I am not feeling sorry for myself but I envy the man who I call my brother. I told him this not long ago. It was after a Pearl Jam concert in San Fransisco. I waited with a group of a dozen die hard fans until about three in the morning for Eddie to exit from the back stage exit. It was cold and desolate in the San Fransisco early morning. The only people out on the streets pushed shopping carts filled with their meager possessions. I was about to turn away when suddenly I heard the crowd erupt into loud salutations shouting “Eddie!!” “Eddie!!!” He kindly got everyone to calm down by saying “please calm down, I will get to each and every one of you. we just need to be quiet.” I could feel my tired heart racing in my chest as I awaited Eddie’s glance. He signed set lists and talked with one lady about how great she thought he was aging. He seemed very comfortable, a little drunk, almost Buddha like in his demeanor. Then I caught his stare and stuck out my hand. He shook my hand and it was then that I said “You are doing a great job, I envy you your success.” He looked at me square in the eyes as if he was trying to remember if we met before. He then said “thank you my brother, but do not envy me, I’m just doing the best I can…like you.” And then he was gone. He got into the front seat of a black van which I imagine took my brother to his hotel room.

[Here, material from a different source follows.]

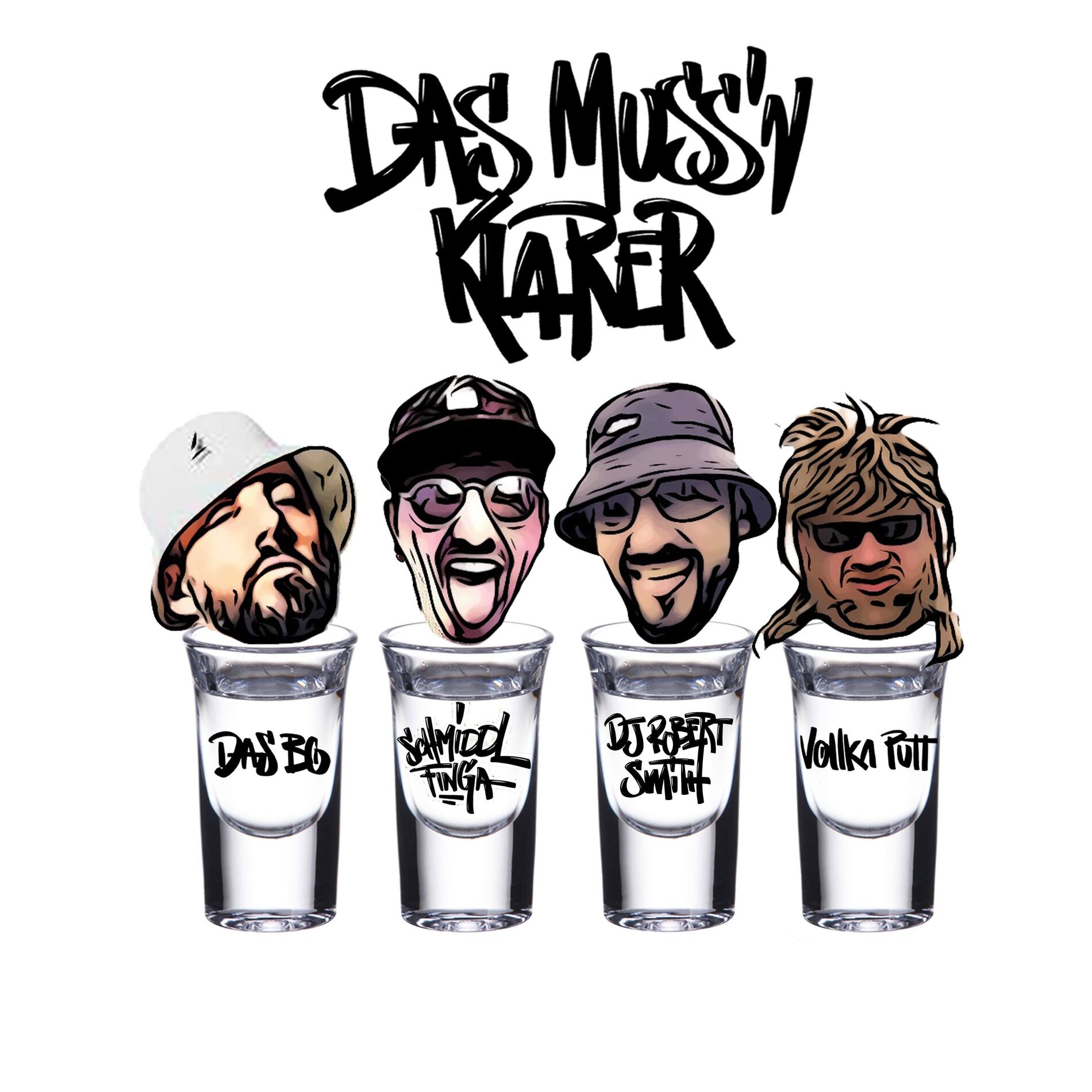 Album cover of Das Muss´n Klarer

Now I sit here writing. It is raining outside and I spent the entire day reading in bed. I watched a few Eddie Vedder interviews tonight. I feel like my life is on hold while he is living life to its fullest. I have been wondering. Am I doing the best I can? And I have to say that my answer to this is no. No I am not. I have always been rather lazy and short of finding that one thing I love to do and then doing it all the time. No, I am not doing the best I can…and this is exactly why I am searching for Eddie Vedder. He is a man who is doing the best he can. I watch him and I am in awe. “So this is what it looks like when one finds their soul purpose,” I say to myself. Slowly my awe turns to inspiration…and I am reminded of something that I seemed to have almost given up on. My search for Eddie Vedder.